(Brief descriptive captions)
Content starts

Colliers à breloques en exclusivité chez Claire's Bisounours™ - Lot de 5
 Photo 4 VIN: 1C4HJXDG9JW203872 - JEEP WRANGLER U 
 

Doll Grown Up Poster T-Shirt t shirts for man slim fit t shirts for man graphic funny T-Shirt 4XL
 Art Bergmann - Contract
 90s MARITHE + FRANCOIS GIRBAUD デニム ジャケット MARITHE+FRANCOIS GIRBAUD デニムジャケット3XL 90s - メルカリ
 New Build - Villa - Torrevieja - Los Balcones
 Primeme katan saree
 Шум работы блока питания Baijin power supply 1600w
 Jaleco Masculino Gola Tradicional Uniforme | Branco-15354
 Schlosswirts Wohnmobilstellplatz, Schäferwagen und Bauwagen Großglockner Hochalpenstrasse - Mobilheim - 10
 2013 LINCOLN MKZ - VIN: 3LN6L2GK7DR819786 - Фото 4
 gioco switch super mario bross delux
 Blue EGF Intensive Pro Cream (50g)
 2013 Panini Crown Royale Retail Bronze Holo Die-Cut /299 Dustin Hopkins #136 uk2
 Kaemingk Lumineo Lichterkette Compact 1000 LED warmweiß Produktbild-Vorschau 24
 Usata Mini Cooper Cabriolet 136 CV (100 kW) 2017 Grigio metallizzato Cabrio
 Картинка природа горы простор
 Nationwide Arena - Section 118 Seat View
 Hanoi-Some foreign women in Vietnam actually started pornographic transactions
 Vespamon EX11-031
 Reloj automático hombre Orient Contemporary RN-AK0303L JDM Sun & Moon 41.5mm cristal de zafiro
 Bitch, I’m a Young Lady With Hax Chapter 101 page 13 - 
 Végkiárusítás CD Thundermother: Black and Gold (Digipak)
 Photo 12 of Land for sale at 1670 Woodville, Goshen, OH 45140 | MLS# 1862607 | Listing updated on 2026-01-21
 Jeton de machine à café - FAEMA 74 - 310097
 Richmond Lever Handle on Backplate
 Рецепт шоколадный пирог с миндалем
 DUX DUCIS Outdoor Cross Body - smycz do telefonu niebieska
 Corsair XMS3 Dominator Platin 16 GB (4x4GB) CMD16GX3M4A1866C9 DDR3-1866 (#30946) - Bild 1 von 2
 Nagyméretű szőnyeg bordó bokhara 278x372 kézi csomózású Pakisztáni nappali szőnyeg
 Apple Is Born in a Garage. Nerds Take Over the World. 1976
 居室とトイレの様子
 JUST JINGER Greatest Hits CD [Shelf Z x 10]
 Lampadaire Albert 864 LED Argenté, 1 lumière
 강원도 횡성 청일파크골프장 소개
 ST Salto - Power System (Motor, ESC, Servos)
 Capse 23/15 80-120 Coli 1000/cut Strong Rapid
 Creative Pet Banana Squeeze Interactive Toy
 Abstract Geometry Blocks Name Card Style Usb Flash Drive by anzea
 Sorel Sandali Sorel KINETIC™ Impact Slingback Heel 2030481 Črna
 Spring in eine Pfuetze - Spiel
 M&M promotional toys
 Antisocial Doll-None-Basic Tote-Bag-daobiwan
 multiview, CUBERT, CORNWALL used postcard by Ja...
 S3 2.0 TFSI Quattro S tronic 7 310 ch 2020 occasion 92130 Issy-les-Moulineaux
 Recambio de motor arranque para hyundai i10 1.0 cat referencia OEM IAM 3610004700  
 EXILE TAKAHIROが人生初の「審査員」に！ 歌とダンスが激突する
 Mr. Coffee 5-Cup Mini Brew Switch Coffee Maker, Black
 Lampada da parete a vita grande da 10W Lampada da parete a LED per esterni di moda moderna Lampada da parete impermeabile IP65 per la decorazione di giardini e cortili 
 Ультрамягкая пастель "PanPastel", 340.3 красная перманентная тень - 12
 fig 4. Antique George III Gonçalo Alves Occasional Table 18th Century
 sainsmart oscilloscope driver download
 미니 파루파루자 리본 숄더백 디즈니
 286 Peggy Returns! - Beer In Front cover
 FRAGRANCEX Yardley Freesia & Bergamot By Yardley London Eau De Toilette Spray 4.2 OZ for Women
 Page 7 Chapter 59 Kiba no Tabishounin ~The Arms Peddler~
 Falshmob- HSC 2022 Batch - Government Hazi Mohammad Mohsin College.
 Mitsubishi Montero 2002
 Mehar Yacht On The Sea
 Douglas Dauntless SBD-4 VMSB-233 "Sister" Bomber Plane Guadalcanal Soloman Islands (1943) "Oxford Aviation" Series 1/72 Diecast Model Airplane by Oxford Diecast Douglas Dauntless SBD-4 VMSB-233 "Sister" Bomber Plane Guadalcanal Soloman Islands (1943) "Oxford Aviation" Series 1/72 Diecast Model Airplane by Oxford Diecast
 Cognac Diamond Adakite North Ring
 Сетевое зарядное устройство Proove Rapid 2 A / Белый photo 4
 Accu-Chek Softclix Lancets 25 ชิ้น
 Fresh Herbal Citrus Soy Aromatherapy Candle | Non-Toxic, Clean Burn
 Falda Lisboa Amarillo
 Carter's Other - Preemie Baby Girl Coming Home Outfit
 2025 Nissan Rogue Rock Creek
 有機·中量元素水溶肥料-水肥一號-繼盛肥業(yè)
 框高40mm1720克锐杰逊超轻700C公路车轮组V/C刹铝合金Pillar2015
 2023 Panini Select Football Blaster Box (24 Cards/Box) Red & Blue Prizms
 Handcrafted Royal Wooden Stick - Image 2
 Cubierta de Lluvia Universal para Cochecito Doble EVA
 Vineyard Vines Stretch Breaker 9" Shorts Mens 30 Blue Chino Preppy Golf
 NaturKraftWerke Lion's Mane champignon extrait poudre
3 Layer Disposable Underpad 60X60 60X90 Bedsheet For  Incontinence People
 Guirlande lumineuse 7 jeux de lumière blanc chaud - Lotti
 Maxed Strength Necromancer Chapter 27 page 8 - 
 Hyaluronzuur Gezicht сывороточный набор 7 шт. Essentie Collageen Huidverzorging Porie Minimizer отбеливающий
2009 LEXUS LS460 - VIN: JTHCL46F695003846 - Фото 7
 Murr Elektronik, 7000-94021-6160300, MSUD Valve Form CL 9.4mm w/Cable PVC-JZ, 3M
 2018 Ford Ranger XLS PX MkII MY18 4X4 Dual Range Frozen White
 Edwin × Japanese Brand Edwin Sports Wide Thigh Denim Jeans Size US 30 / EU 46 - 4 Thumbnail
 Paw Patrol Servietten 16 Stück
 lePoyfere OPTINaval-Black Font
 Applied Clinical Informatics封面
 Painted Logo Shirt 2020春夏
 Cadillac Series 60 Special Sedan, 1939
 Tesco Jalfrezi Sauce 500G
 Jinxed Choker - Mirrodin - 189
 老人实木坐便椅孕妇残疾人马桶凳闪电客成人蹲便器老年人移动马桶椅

Content ends

TASK TO CARRY OUT:
Print all of the data exactly as it stands above.

RESULT BELOW:
Colliers à breloques en exclusivité chez Claire's Bisounours™ - Lot de 5
 Photo 4 VIN: 1C4HJXDG9JW203872 - JEEP WRANGLER U 
 

Doll Grown Up Poster T-Shirt t shirts for man slim fit t shirts for man graphic funny T-Shirt 4XL
 Art Bergmann - Contract
 90s MARITHE + FRANCOIS GIRBAUD デニム ジャケット MARITHE+FRANCOIS GIRBAUD デニムジャケット3XL 90s - メルカリ
 New Build - Villa - Torrevieja - Los Balcones
 Primeme katan saree
 Шум работы блока питания Baijin power supply 1600w
 Jaleco Masculino Gola Tradicional Uniforme | Branco-15354
 Schlosswirts Wohnmobilstellplatz, Schäferwagen und Bauwagen Großglockner Hochalpenstrasse - Mobilheim - 10
 2013 LINCOLN MKZ - VIN: 3LN6L2GK7DR819786 - Фото 4
 gioco switch super mario bross delux
 Blue EGF Intensive Pro Cream (50g)
 2013 Panini Crown Royale Retail Bronze Holo Die-Cut /299 Dustin Hopkins #136 uk2
 Kaemingk Lumineo Lichterkette Compact 1000 LED warmweiß Produktbild-Vorschau 24
 Usata Mini Cooper Cabriolet 136 CV (100 kW) 2017 Grigio metallizzato Cabrio
 Картинка природа горы простор
 Nationwide Arena - Section 118 Seat View
 Hanoi-Some foreign women in Vietnam actually started pornographic transactions
 Vespamon EX11-031
 Reloj automático hombre Orient Contemporary RN-AK0303L JDM Sun & Moon 41.5mm cristal de zafiro
 Bitch, I’m a Young Lady With Hax Chapter 101 page 13 - 
 Végkiárusítás CD Thundermother: Black and Gold (Digipak)
 Photo 12 of Land for sale at 1670 Woodville, Goshen, OH 45140 | MLS# 1862607 | Listing updated on 2026-01-21
 Jeton de machine à café - FAEMA 74 - 310097
 Richmond Lever Handle on Backplate
 Рецепт шоколадный пирог с миндалем
 DUX DUCIS Outdoor Cross Body - smycz do telefonu niebieska
 Corsair XMS3 Dominator Platin 16 GB (4x4GB) CMD16GX3M4A1866C9 DDR3-1866 (#30946) - Bild 1 von 2
 Nagyméretű szőnyeg bordó bokhara 278x372 kézi csomózású Pakisztáni nappali szőnyeg
 Apple Is Born in a Garage. Nerds Take Over the World. 1976
 居室とトイレの様子
 JUST JINGER Greatest Hits CD [Shelf Z x 10]
 Lampadaire Albert 864 LED Argenté, 1 lumière
 강원도 횡성 청일파크골프장 소개
 ST Salto - Power System (Motor, ESC, Servos)
 Capse 23/15 80-120 Coli 1000/cut Strong Rapid
 Creative Pet Banana Squeeze Interactive Toy
 Abstract Geometry Blocks Name Card Style Usb Flash Drive by anzea
 Sorel Sandali Sorel KINETIC™ Impact Slingback Heel 2030481 Črna
 Spring in eine Pfuetze - Spiel
 M&M promotional toys
 Antisocial Doll-None-Basic Tote-Bag-daobiwan
 multiview, CUBERT, CORNWALL used postcard by Ja...
 S3 2.0 TFSI Quattro S tronic 7 310 ch 2020 occasion 92130 Issy-les-Moulineaux
 Recambio de motor arranque para hyundai i10 1.0 cat referencia OEM IAM 3610004700  
 EXILE TAKAHIROが人生初の「審査員」に！ 歌とダンスが激突する
 Mr. Coffee 5-Cup Mini Brew Switch Coffee Maker, Black
 Lampada da parete a vita grande da 10W Lampada da parete a LED per esterni di moda moderna Lampada da parete impermeabile IP65 per la decorazione di giardini e cortili 
 Ультрамягкая пастель "PanPastel", 340.3 красная перманентная тень - 12
 fig 4. Antique George III Gonçalo Alves Occasional Table 18th Century
 sainsmart oscilloscope driver download
 미니 파루파루자 리본 숄더백 디즈니
 286 Peggy Returns! - Beer In Front cover
 FRAGRANCEX Yardley Freesia & Bergamot By Yardley London Eau De Toilette Spray 4.2 OZ for Women
 Page 7 Chapter 59 Kiba no Tabishounin ~The Arms Peddler~
 Falshmob- HSC 2022 Batch - Government Hazi Mohammad Mohsin College.
 Mitsubishi Montero 2002
 Mehar Yacht On The Sea
 Douglas Dauntless SBD-4 VMSB-233 "Sister" Bomber Plane Guadalcanal Soloman Islands (1943) "Oxford Aviation" Series 1/72 Diecast Model Airplane by Oxford Diecast Douglas Dauntless SBD-4 VMSB-233 "Sister" Bomber Plane Guadalcanal Soloman Islands (1943) "Oxford Aviation" Series 1/72 Diecast Model Airplane by Oxford Diecast
 Cognac Diamond Adakite North Ring
 Сетевое зарядное устройство Proove Rapid 2 A / Белый photo 4
 Accu-Chek Softclix Lancets 25 ชิ้น
 Fresh Herbal Citrus Soy Aromatherapy Candle | Non-Toxic, Clean Burn
 Falda Lisboa Amarillo
 Carter's Other - Preemie Baby Girl Coming Home Outfit
 2025 Nissan Rogue Rock Creek
 有機·中量元素水溶肥料-水肥一號-繼盛肥業(yè)
 框高40mm1720克锐杰逊超轻700C公路车轮组V/C刹铝合金Pillar2015
 2023 Panini Select Football Blaster Box (24 Cards/Box) Red & Blue Prizms
 Handcrafted Royal Wooden Stick - Image 2
 Cubierta de Lluvia Universal para Cochecito Doble EVA
 Vineyard Vines Stretch Breaker 9" Shorts Mens 30 Blue Chino Preppy Golf
 NaturKraftWerke Lion's Mane champignon extrait poudre
3 Layer Disposable Underpad 60X60 60X90 Bedsheet For  Incontinence People
 Guirlande lumineuse 7 jeux de lumière blanc chaud - Lotti
 Maxed Strength Necromancer Chapter 27 page 8 - 
 Hyaluronzuur Gezicht сывороточный набор 7 шт. Essentie Collageen Huidverzorging Porie Minimizer отбеливающий
2009 LEXUS LS460 - VIN: JTHCL46F695003846 - Фото 7
 Murr Elektronik, 7000-94021-6160300, MSUD Valve Form CL 9.4mm w/Cable PVC-JZ, 3M
 2018 Ford Ranger XLS PX MkII MY18 4X4 Dual Range Frozen White
 Edwin × Japanese Brand Edwin Sports Wide Thigh Denim Jeans Size US 30 / EU 46 - 4 Thumbnail
 Paw Patrol Servietten 16 Stück
 lePoyfere OPTINaval-Black Font
 Applied Clinical Informatics封面
 Painted Logo Shirt 2020春夏
 Cadillac Series 60 Special Sedan, 1939
 Tesco Jalfrezi Sauce 500G
 Jinxed Choker - Mirrodin - 189
 老人实木坐便椅孕妇残疾人马桶凳闪电客成人蹲便器老年人移动马桶椅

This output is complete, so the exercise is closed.